Cette évolution se traduit par la progression parallèle de l'individualisme et du communautarisme mais aussi de la vénération sans limite de l'argent roi au détriment de tout ce qui fait l'intérêt collectif. Pour parvenir à la réussite sociale, on préfère se fier à sa propre autorité ou à celle de son clan. Ainsi, dans les quartiers dit sensibles, un jeune va respecter l'autorité du caïd de sa bande et non celle des représentants de l'Etat et de l'ordre public car il va mettre sa confiance dans les capacités du premier et non dans celles des seconds.

Il s'agit là, bel et bien, de la crise de l'autorité et notamment de l'autorité publique. Celle-ci s'explique par l'effondrement des projets collectifs et de la croyance en un avenir meilleur.

Toutes proportions gardées, la même angoisse saisit bon nombre d'étudiants, moins remontés contre la loi Pécresse en particulier que contre leur avenir en général. Beaucoup d'entre eux savent qu'au bout d'un cursus pas forcément achevé les attend la galère, ou le chômage. Le monde des adultes n'a guère plus le moral avec leur pouvoir d'achat qu'ils voient concrètement baissé et les fins de mois de plus en plus difficiles.

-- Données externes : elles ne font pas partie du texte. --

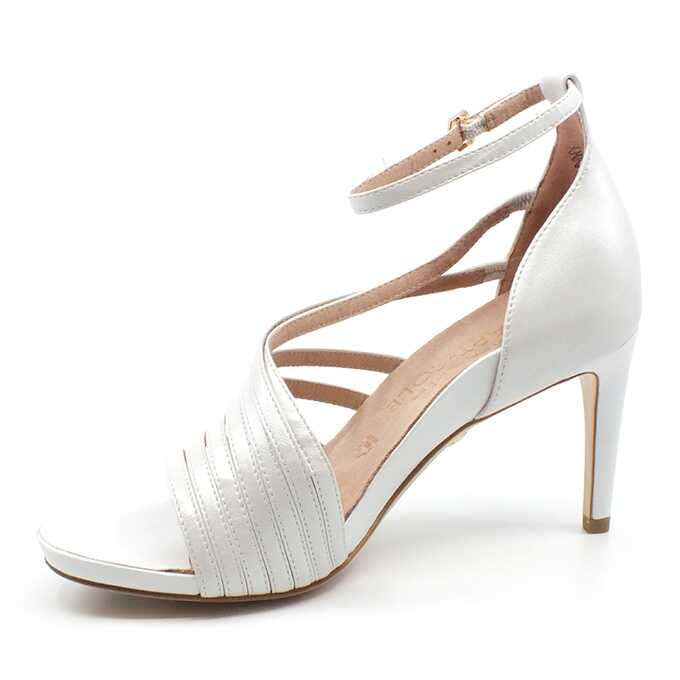 eb98069c-7af0-4966-8a5d-06a3892bf03a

Incapable de juguler les inégalités sociales et incapable de remédier à l'insécurité économique, la puissance publique a dépité la confiance mise en elle et entamé durablement son crédit auprès des citoyens. Or, comment une société peut elle survivre si les citoyens qui la composent ne peuvent pas intégrer leur individualité dans un destin commun ?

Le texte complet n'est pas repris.